Solex, l’art de relancer une vieille marque en pédalant longtemps


C’est le sixième repreneur à vouloir faire redémarrer le célèbre vélomoteur. A force de persévérer, ça va peut-être marcher.
Soixante-sept ans au compteur. Voilà ce qu’affiche Solex, le mythique deux-roues. Souvenez-vous : le moteur à galet qu’il fallait ajuster sur le pneu avant, les coups de pédale dans le vide à donner pour obtenir la pétarade du démarrage, le cambouis sur les mains et les 35 kilomètres à l’heure de vitesse de pointe, en pente et le vent dans le dos. Lancée en 1946, la «bicyclette qui roule toute seule», un temps propriété de Renault et de Yamaha, s’est vendue à 8 millions d’exemplaires à travers le monde. Puis sa production a été arrêtée, en 1988.

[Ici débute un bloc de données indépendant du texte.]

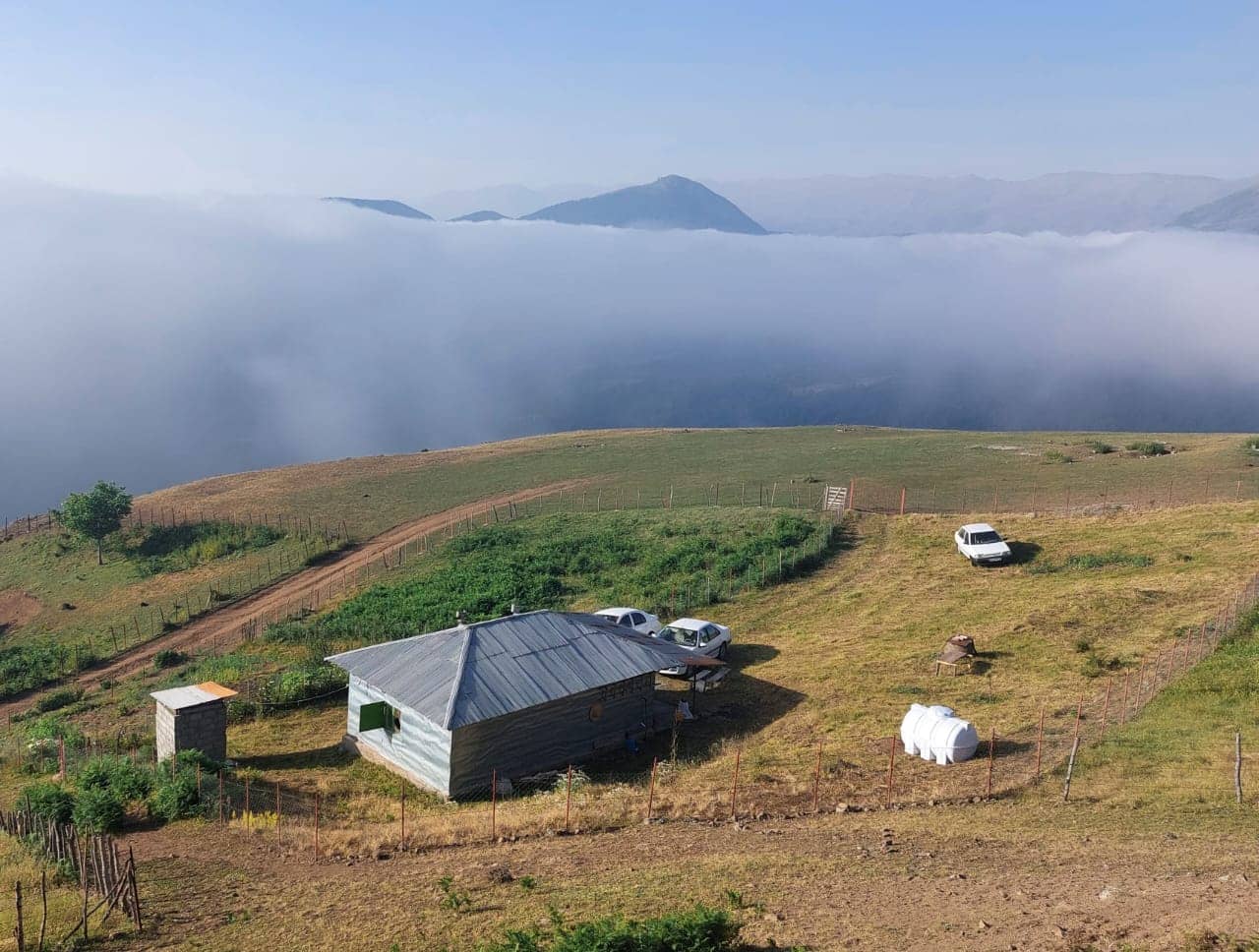 اجاره ویلا کوهستانی در روستای پنبه پیشته - اسالم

Objet culte. Peut-on relancer un produit légendaire lorsque sa technologie est dépassée, que ses usines sont fermées et que les salariés qui en possédaient les secrets de fabrication ont pris leur retraite ? Plusieurs sociétés s’y sont risquées. Un fabricant hongrois, en 1998, sans succès ; Fiat, en 2000, sans jamais ­sortir le moindre modèle ; puis Jean-Pierre Bansard, «serial» entrepreneur et fondateur d’Usines Center, en 2006 ; et finalement, en avril 2013, le dernier repreneur du fameux engin, Grégory Trébaol, patron du fabricant de vélos électriques Easybike (sous ce nom et en marque blanche pour Decathlon, Feu vert…). Jean-Pierre Bansard a été le premier à avoir l’idée de repositionner Solex sur le créneau encore balbutiant du deux-roues électrique. Pour réveiller la belle endormie, il a demandé au designer italien ­Pininfarina (qui a officié, entre autres, pour Ferrari) de redessiner sa bécane. L’e-Solex, sorti en 2007, n’a plus grand-chose à voir avec son illustre ancêtre. Seul un léger renflement abritant le phare avant rappelle la silhouette d’antan. Pour le reste, un moteur silencieux de 400 watts (36 chevaux), caché dans le cadre et la roue arrière, lui permet d’atteindre lui aussi 35 kilomètres à l’heure.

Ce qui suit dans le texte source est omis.